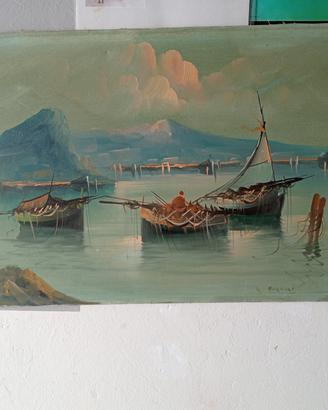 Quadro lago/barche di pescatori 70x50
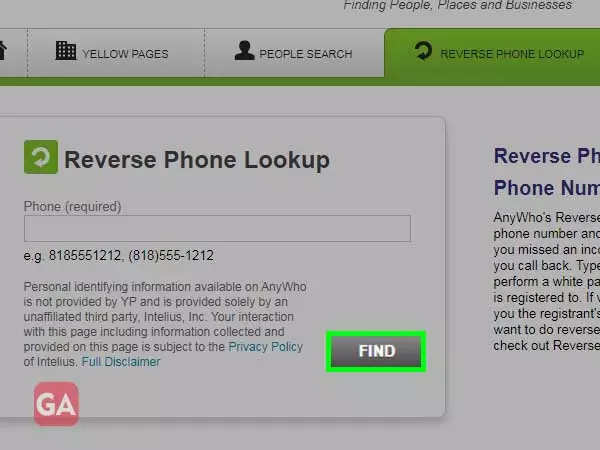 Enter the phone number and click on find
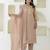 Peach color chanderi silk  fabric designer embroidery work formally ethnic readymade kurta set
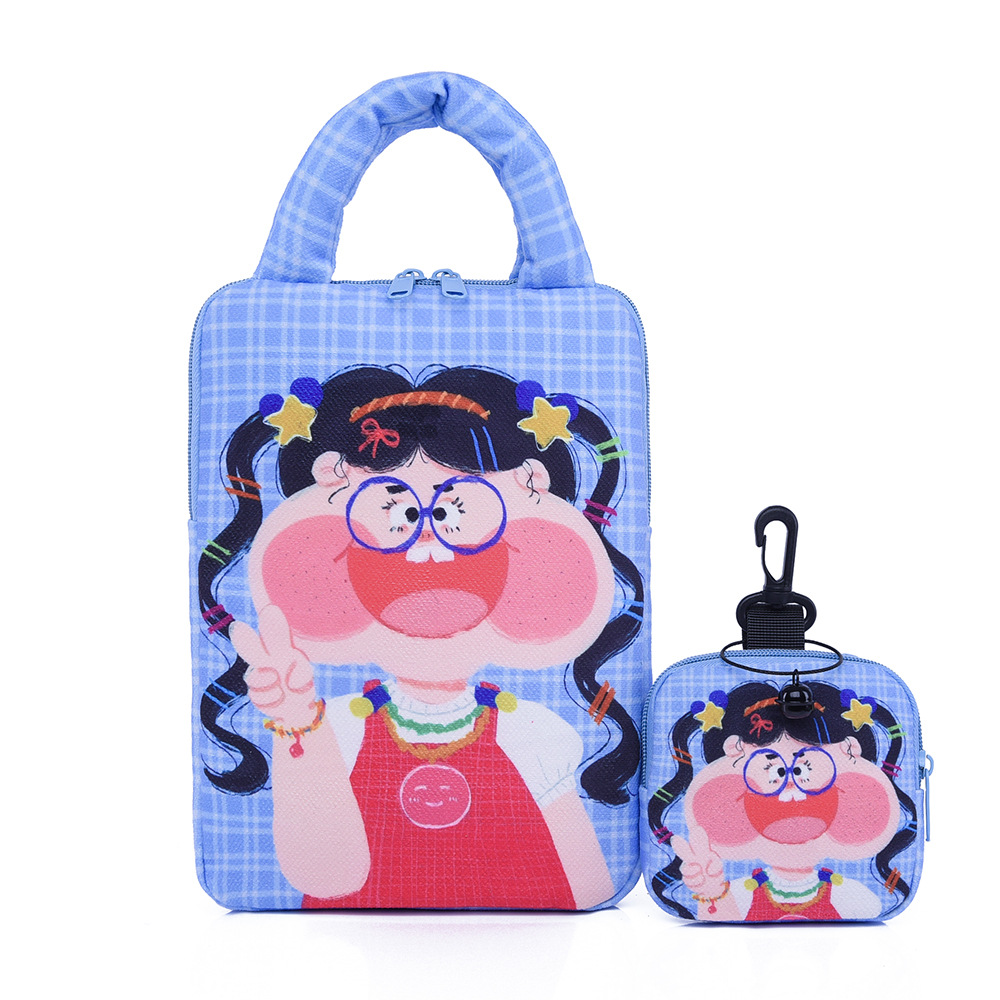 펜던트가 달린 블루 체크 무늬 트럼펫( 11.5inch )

--

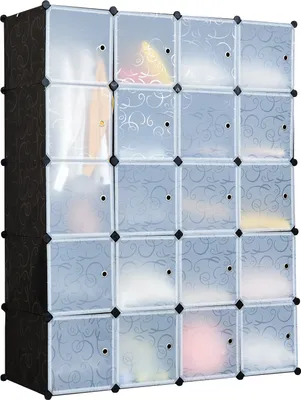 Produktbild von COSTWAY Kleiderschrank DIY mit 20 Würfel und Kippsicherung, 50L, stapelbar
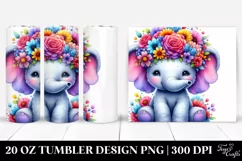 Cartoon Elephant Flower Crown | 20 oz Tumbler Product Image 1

_Required work_
Using the data above, which lines fall from the one with "Produktbild von COSTWAY" through the one with "Cartoon Elephant Flower"? Repeat them exactly, ends included, minus any pictures.

_Exercise answer_
 Produktbild von COSTWAY Kleiderschrank DIY mit 20 Würfel und Kippsicherung, 50L, stapelbar
 Cartoon Elephant Flower Crown | 20 oz Tumbler Product Image 1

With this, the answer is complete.